Summary: Modern CSS features make preprocessors unnecessary in many cases. Variables, nesting, and container queries enable component-level responsiveness; :has() and color-mix() unlock selector power and color math. 37signals runs Campfire, Writebook, and Fizzy with "no-build CSS," showing production viability. Teams can simplify pipelines, speed builds, and reduce dependencies by leaning on native CSS.

Key takeaways:

  • Native CSS covers most former Sass/Less use cases.
  • Container queries and :has() enable advanced responsive patterns.
  • Real products prove no-build CSS is production-ready.

Tradeoffs:

  • Gain simpler pipelines; sacrifice familiar preprocessor ergonomics.
  • Gain native performance; sacrifice some preprocessor-only conveniences.

Link: Vanilla CSS is all you need

I failed to recreate the 1996 Space Jam Website with Claude

TLDR: Attempting to recreate the 1996 Space Jam site with Claude exposes AI’s spatial/layout limitations despite detailed prompts and tools.

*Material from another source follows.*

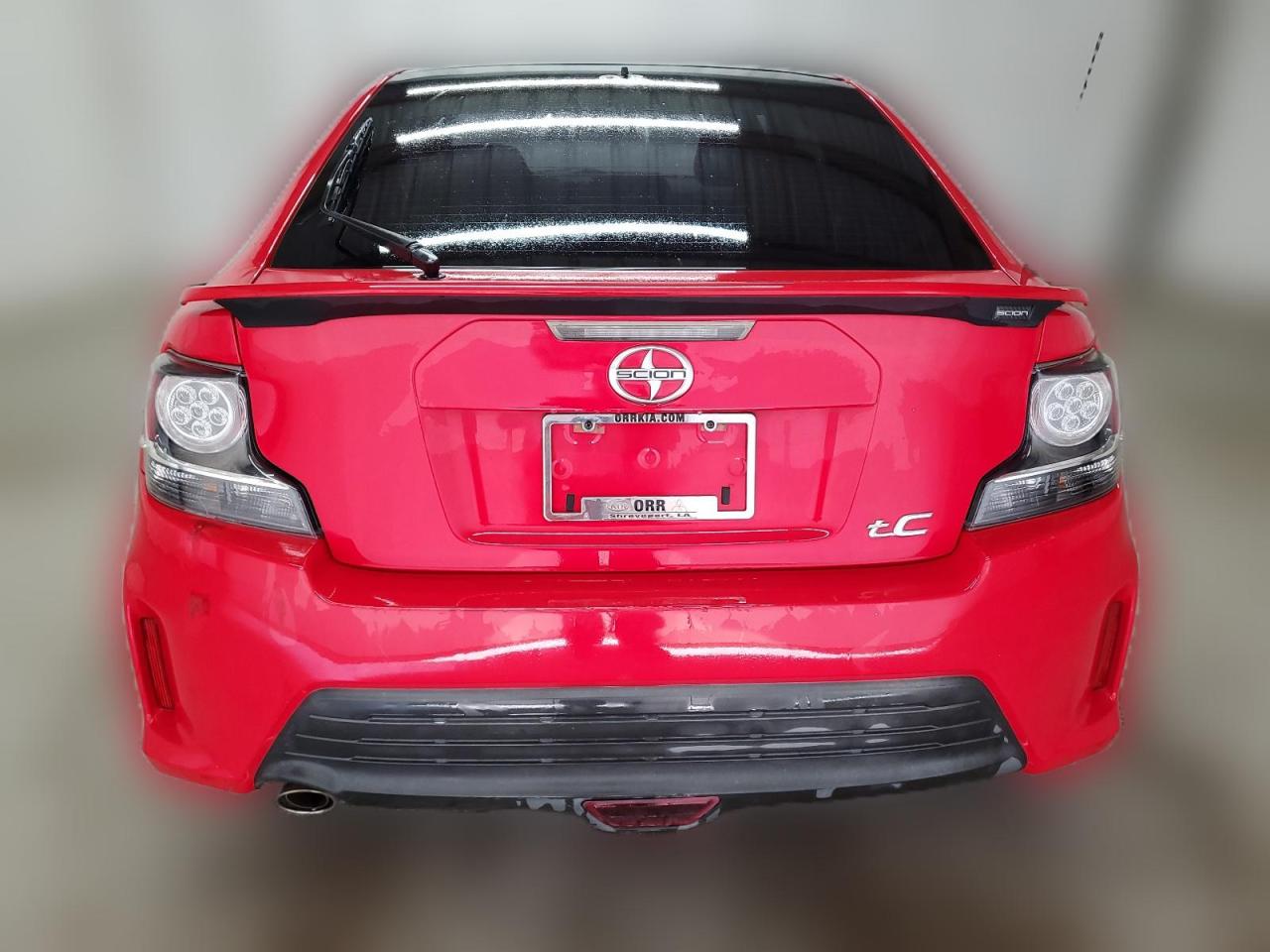 2016 Toyota Scion Tc VIN: JTKJF5C72GJ025097 Lot: 62851234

Summary: The engineer supplied grids, zoomed assets, and comparisons, yet Claude couldn’t match the original layout. The failure shows current AI struggles with precise spatial relationships and measurement, even when it excels at text/code generation. Real-world tests with clear visual targets are essential before trusting AI for layout-critical work.

Key takeaways:

  • AI struggles with spatial reasoning and precise positioning.
  • Rich prompts/tools don’t fix fundamental spatial limits.
  • Human oversight remains crucial for layout fidelity.

Tradeoffs:

  • Gain speed on content/code; sacrifice accuracy on spatial tasks.

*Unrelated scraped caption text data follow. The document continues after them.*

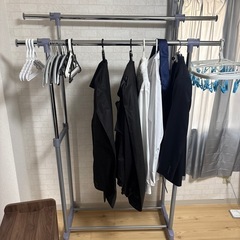 物干しラック
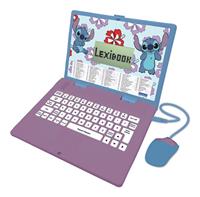 Disney Stitch Laptop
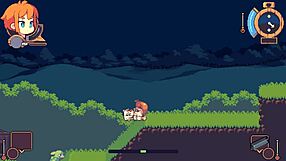 Lufuclad Version 22 By Kyrieru Animation Gallery!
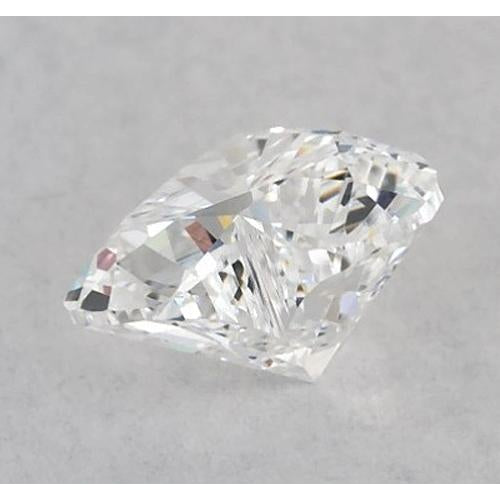 Diamant Fin Diamond 5-carats Gold – vue de côté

Link: I failed to recreate the 1996 Space Jam Website with Claude

Technical Deflation

TLDR: AI-driven tooling cuts dev costs over time, creating “technical deflation” where late movers can build cheaper/faster than early entrants.

Summary: As AI improves, the cost/time to build features drops. This tempts teams to delay non-critical features, betting they’ll be cheaper to ship later. Late entrants can exploit fresher tooling to match incumbents with less effort, but delaying risks losing market timing and feedback. Strategically, teams must choose when speed-to-market outweighs cost savings from future tooling.

Key takeaways:

  • Tooling improvements make later builds cheaper/faster.
  • Strategic delays can save cost but risk lost momentum.
  • Staying current on tooling is a competitive lever.

Tradeoffs:

  • Gain cost/time savings by waiting; sacrifice time-to-market and feedback.

Link: Technical Deflation

Key Takeaways

  • CSS grid lanes will replace JS masonry in many grids once browser support stabilizes.
  • Real-time stacks with Next.js 16, Redis, and type-safe APIs provide strong patterns for chat/collab.
  • Modern CSS eliminates many build tool needs; production teams already rely on it.
  • AI still falls short on spatial/layout fidelity; keep humans in the loop.
  • Technical deflation changes build vs. wait calculus; timing now matters as much as tech choices.

Tradeoffs and Considerations

CSS grid lanes and native CSS features simplify stacks but require navigating uneven browser support and team retraining. Modern chat stacks bring robustness and privacy at the cost of complexity. AI accelerates content/code but isn’t reliable for precise layout tasks. Technical deflation offers cost advantages for late movers but can erode first-mover benefits.